Paul Cleveland is an assistant professor of finance and economics at Birmingham-Southern College in Birmingham, Alabama.
In 1978, Congress passed legislation which phased out the Civil Aeronautics Board and thus deregulated the airline industry. The bill was passed amid industry speculation that deregulation would endure for only a brief period of time. Trade publications prophesied re-regulation would follow the demise of a number of the large trunk carriers. They predicted that only four or five large carriers would survive in the competitive environment and when this occurred a movement to re-regulate the industry would result.
Fourteen years after deregulation we have seen the financial collapse of several of the large trunk carriers and the merger of others. As a result, just as industry insiders forecasted, the number of large airlines in the nation has shrunk substantially. Additionally, the media are running numerous stories about fluctuations in the airline industry and the loss of stability. Amid these stories there are calls for re-regulation just as industry officials had prognosticated; but no one seems interested in the facts about deregulation.
In the midst of all the clamor about the instability of the industry and the demise of once profitable carriers, no one seems to be asking whether or not deregulation has resulted in anything positive for the consumer. Given the media attention to gloom and doom, the reality might surprise many people. In fact, in the years since deregulation, air travel has increased dramatically and the real price of air travel has fallen. In 1977 domestic air travel accounted for 147.078 billion revenue passenger miles of air transportation service. By 1986 this level in creased to 252.724 billion revenue passenger miles. This is an increase of 71.8 percent or an average annualized growth rate of over 6 percent. To put this growth rate in perspective, we can note that real GNP for the economy grew at an average annualized rate of less than 3 percent for the same period.

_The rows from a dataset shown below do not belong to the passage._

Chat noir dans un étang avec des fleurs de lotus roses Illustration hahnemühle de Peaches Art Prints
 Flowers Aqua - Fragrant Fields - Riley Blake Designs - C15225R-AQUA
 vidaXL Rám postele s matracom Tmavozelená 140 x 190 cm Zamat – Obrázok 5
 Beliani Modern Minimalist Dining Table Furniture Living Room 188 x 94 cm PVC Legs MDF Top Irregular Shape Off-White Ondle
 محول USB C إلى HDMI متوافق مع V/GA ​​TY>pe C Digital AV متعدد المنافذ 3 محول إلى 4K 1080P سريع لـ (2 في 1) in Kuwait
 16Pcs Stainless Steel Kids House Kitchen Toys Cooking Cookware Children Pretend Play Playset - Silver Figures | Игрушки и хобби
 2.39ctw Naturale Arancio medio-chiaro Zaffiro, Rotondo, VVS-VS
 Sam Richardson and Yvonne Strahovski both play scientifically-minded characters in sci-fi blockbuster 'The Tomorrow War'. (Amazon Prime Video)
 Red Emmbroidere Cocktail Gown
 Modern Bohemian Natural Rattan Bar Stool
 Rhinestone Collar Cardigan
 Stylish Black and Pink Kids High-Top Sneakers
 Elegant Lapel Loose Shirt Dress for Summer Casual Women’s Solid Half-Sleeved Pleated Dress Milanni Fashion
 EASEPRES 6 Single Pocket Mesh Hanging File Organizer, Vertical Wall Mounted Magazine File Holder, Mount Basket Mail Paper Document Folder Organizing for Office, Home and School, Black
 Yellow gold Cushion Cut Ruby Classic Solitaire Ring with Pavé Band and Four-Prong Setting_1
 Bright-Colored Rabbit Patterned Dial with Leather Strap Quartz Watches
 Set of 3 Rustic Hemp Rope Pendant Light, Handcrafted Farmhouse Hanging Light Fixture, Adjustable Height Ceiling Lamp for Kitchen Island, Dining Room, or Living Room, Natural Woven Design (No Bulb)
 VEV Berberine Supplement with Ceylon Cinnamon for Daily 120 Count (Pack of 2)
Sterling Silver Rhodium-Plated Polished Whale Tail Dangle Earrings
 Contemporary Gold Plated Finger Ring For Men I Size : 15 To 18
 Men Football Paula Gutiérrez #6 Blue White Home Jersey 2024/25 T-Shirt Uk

In addition, airlines are increasing the percentage of seats actually filled on their flights, thus making more efficient use of their resources. The average load factor during the ten-year period leading up to deregulation was 52.4 percent. This percentage increased to 59.8 percent for the following ten-year period. This increase has been accomplished through the development of hub-and-spoke networks which allow the airlines to clear passengers through central terminals and thus offer much wider varieties of service than could have been offered before. It is granted that network expansion typically requires passengers to make one stop en route to their final destinations, but it is this approach which has made air travel accessible to many more consumers. Furthermore, it is a technique that allows the airlines to control costs and operate their equipment efficiently. This is borne out by the data which indicate that the number of available aircraft for service has risen by 52.2 percent from 1977 to 1986. Given that air passenger service has increased by more than 70 percent for this same period we can see the increased efficiency of the equipment used. That the airlines were forced to control their costs of providing the service is just one more positive result of deregulation. This process weeded out those firms which could not provide service at the competitive rate.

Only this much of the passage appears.